• GIVEN DATA:
····················

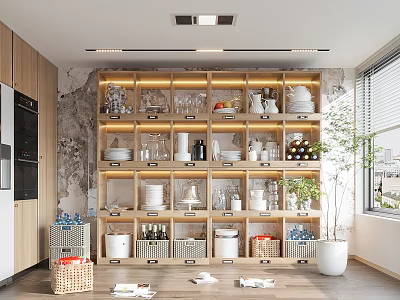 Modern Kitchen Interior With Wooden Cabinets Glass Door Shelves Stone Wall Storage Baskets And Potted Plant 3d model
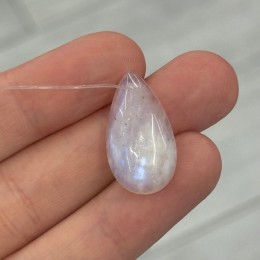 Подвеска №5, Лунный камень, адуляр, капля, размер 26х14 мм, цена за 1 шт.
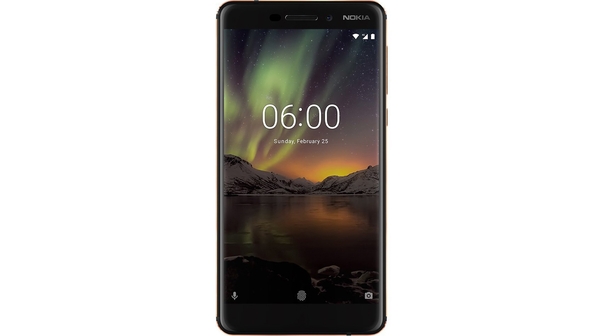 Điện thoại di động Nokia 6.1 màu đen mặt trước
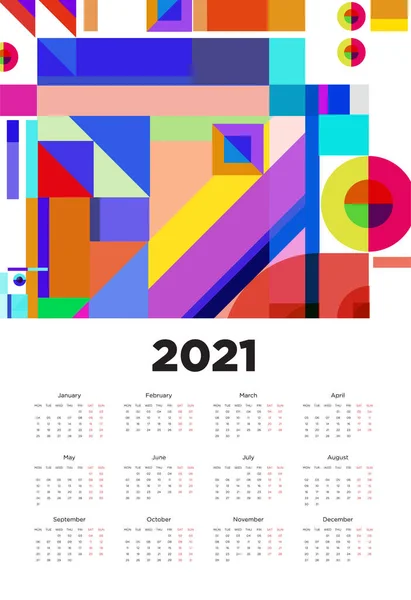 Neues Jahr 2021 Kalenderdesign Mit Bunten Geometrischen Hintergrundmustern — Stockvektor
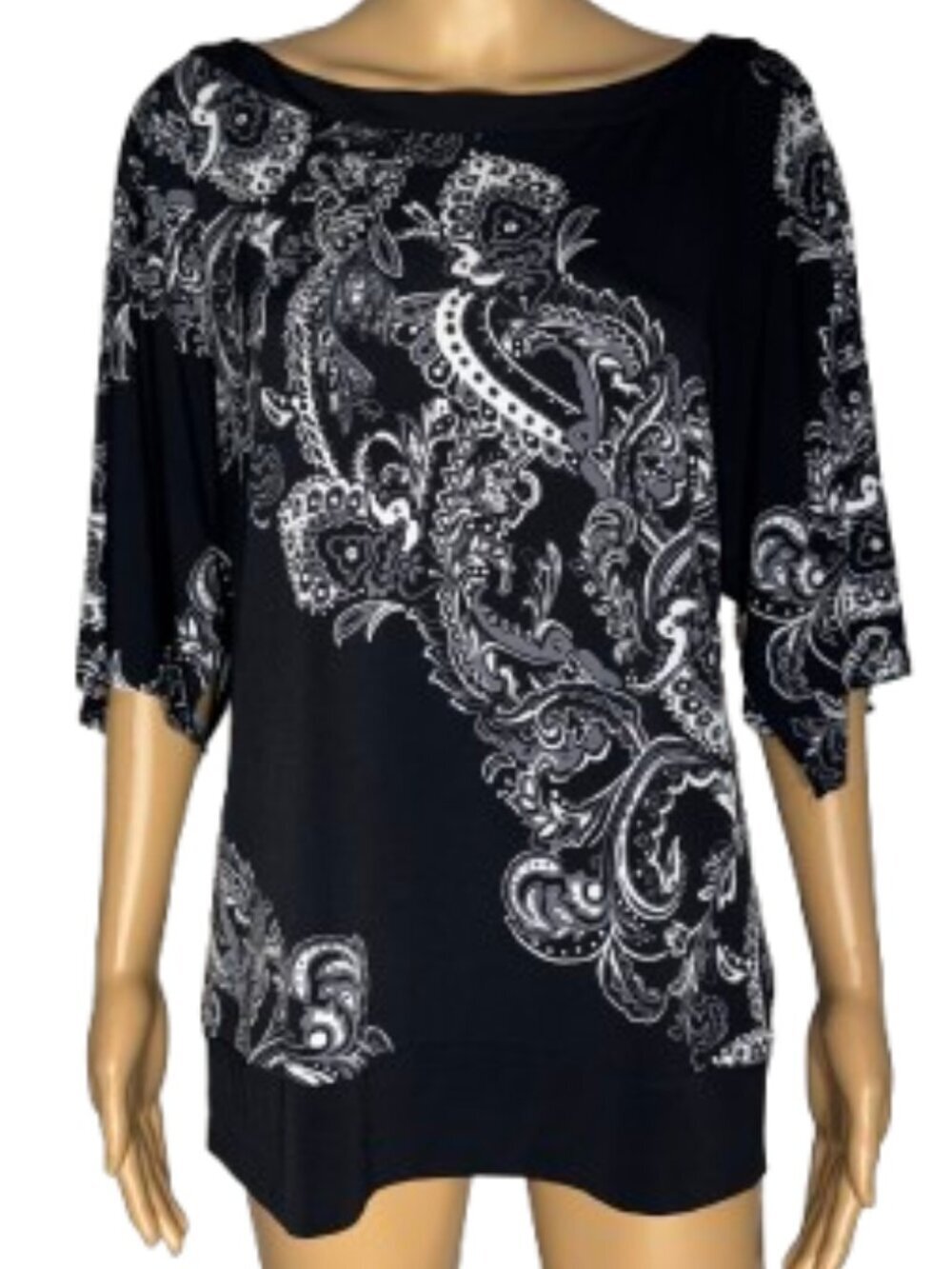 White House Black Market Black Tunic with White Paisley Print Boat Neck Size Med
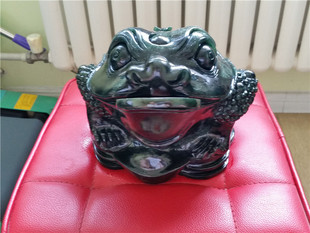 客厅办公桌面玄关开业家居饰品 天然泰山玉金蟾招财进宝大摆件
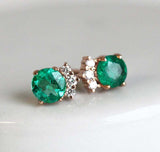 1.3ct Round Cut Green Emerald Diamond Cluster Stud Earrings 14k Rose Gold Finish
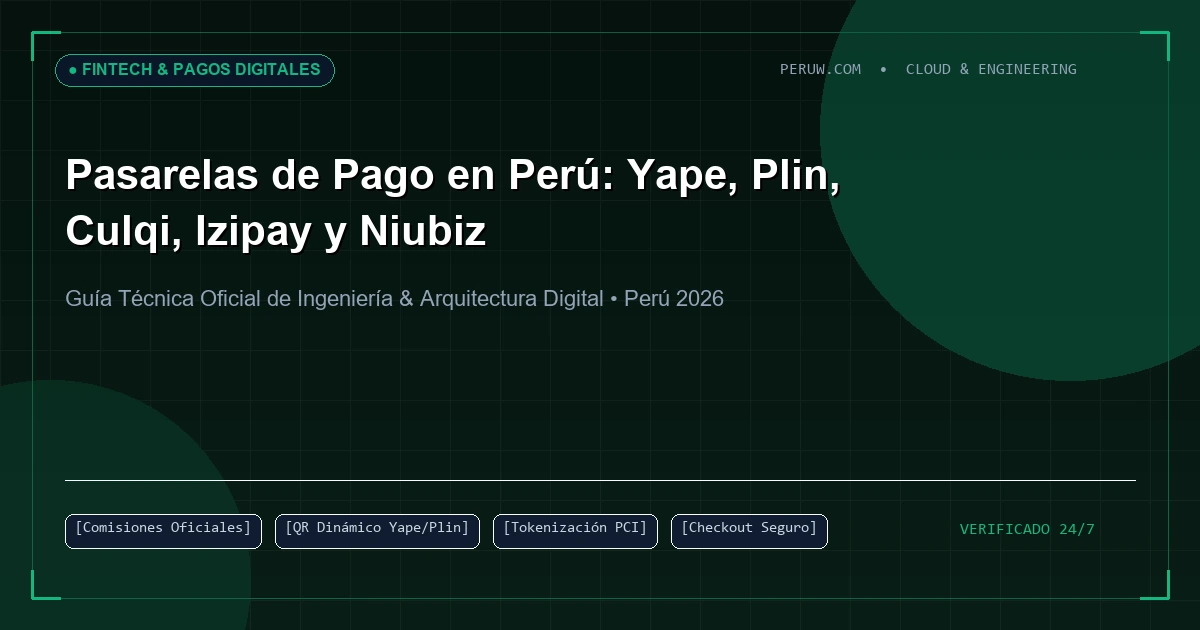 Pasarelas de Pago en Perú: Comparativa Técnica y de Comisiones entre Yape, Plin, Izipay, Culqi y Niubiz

····················

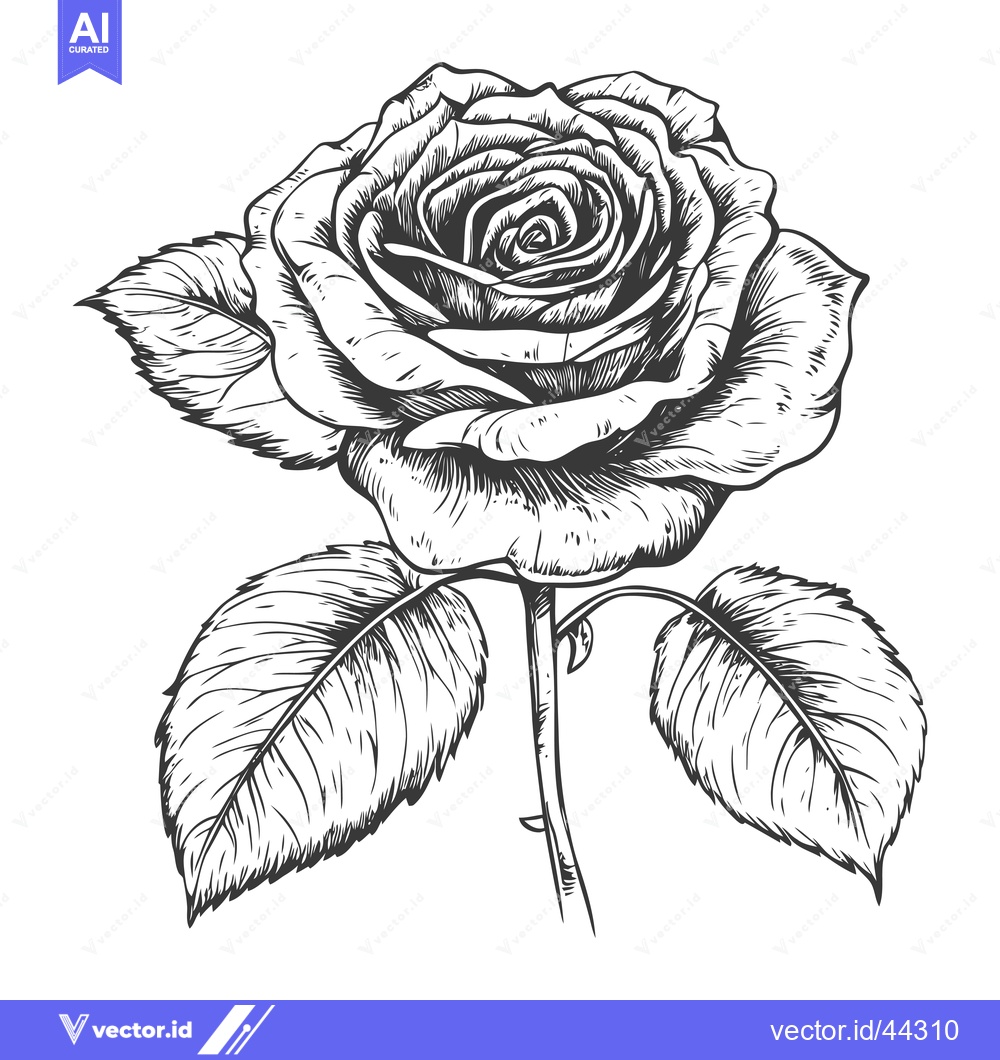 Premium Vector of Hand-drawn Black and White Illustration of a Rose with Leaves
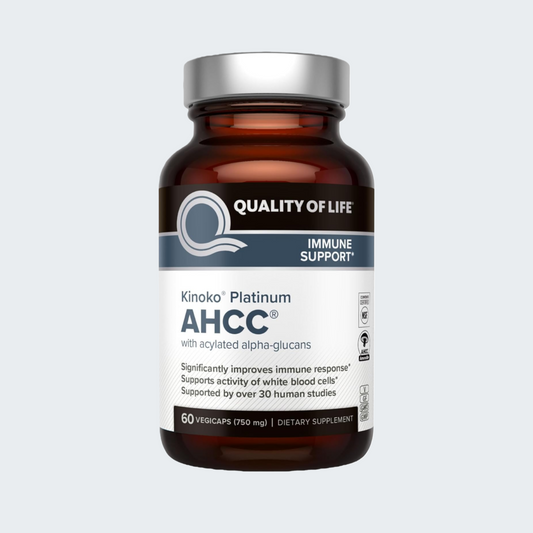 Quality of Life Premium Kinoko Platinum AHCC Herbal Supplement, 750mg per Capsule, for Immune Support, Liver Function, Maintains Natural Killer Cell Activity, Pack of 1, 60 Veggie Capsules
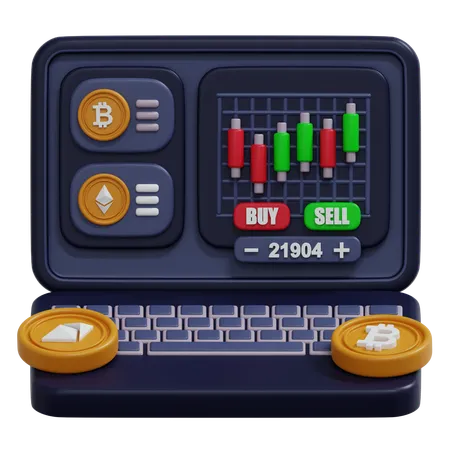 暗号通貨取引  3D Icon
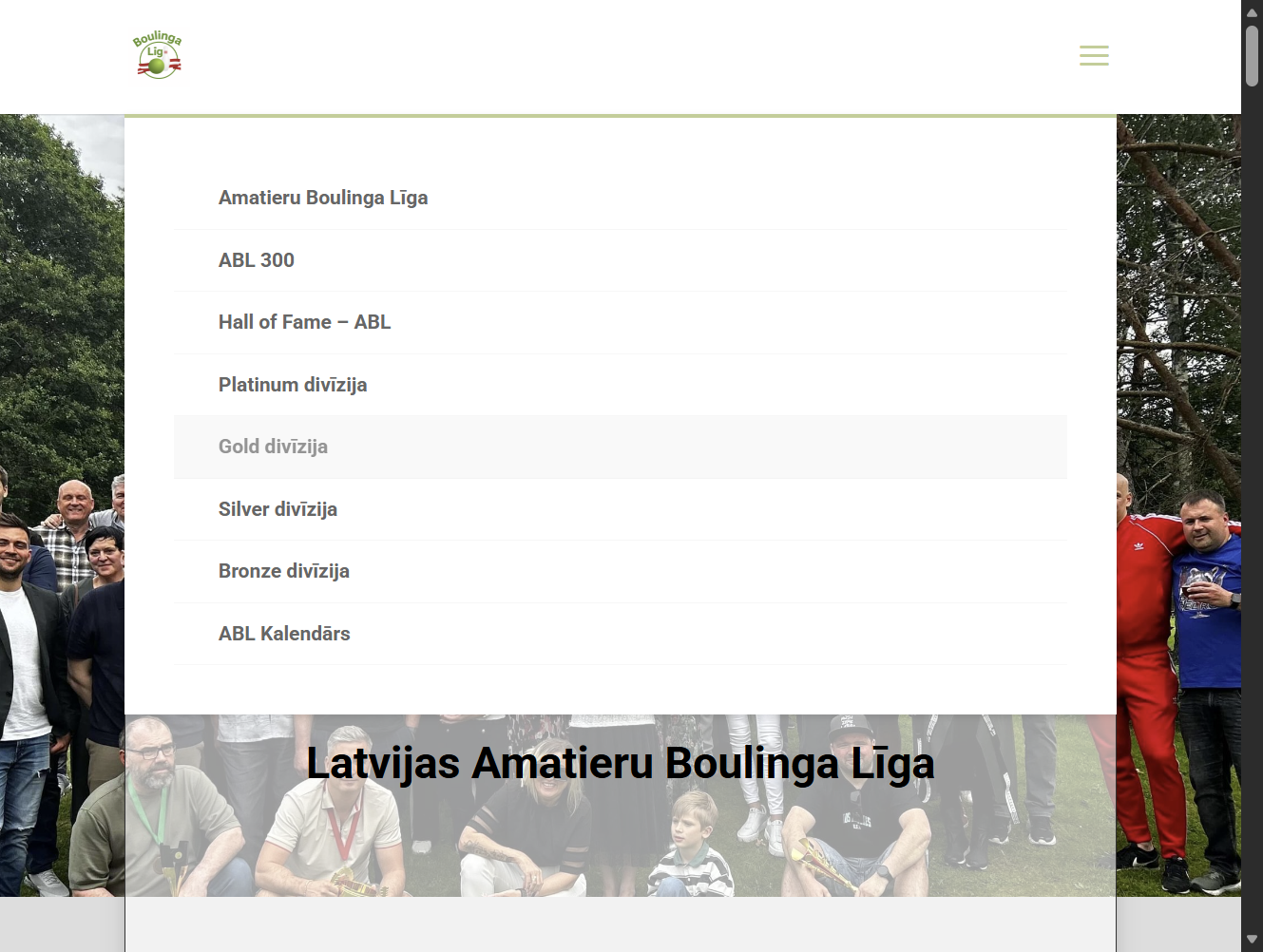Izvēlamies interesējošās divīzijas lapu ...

····················

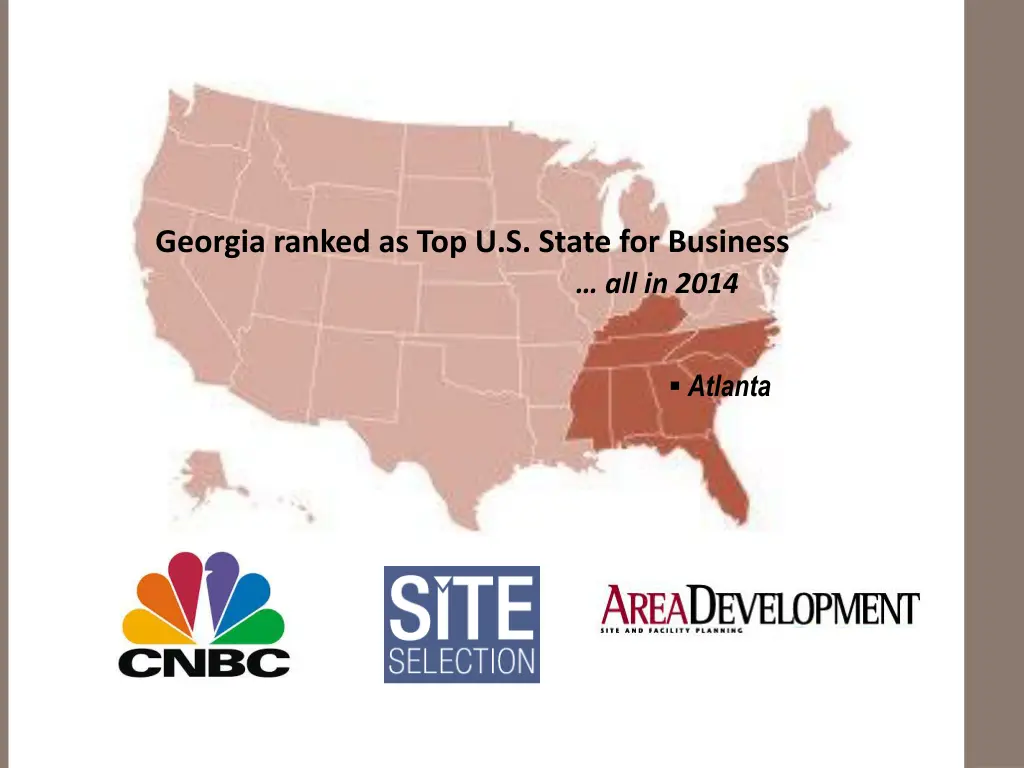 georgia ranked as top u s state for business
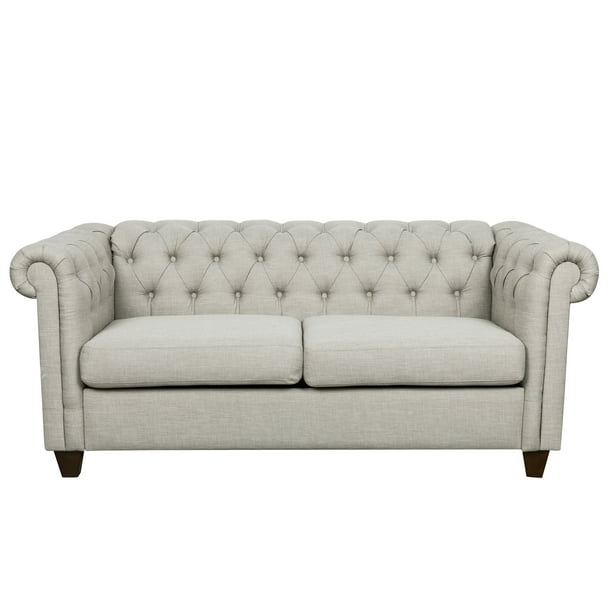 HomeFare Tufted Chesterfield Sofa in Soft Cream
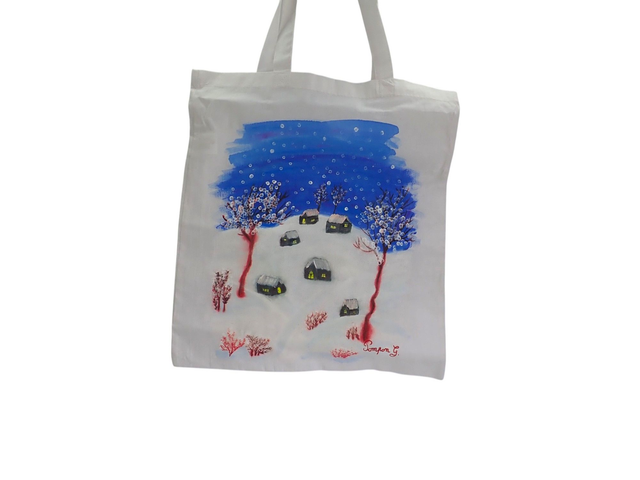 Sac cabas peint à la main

····················

• EXERCISE DIRECTIONS: Pictures excluded, reproduce only the part above that opens with the line holding "Điện thoại di" and closes with the line holding "Pasarelas de Pago", exactly as written.

• SOLUTION:
 Điện thoại di động Nokia 6.1 màu đen mặt trước
 Neues Jahr 2021 Kalenderdesign Mit Bunten Geometrischen Hintergrundmustern — Stockvektor
 White House Black Market Black Tunic with White Paisley Print Boat Neck Size Med
 客厅办公桌面玄关开业家居饰品 天然泰山玉金蟾招财进宝大摆件
 1.3ct Round Cut Green Emerald Diamond Cluster Stud Earrings 14k Rose Gold Finish
 Pasarelas de Pago en Perú: Comparativa Técnica y de Comisiones entre Yape, Plin, Izipay, Culqi y Niubiz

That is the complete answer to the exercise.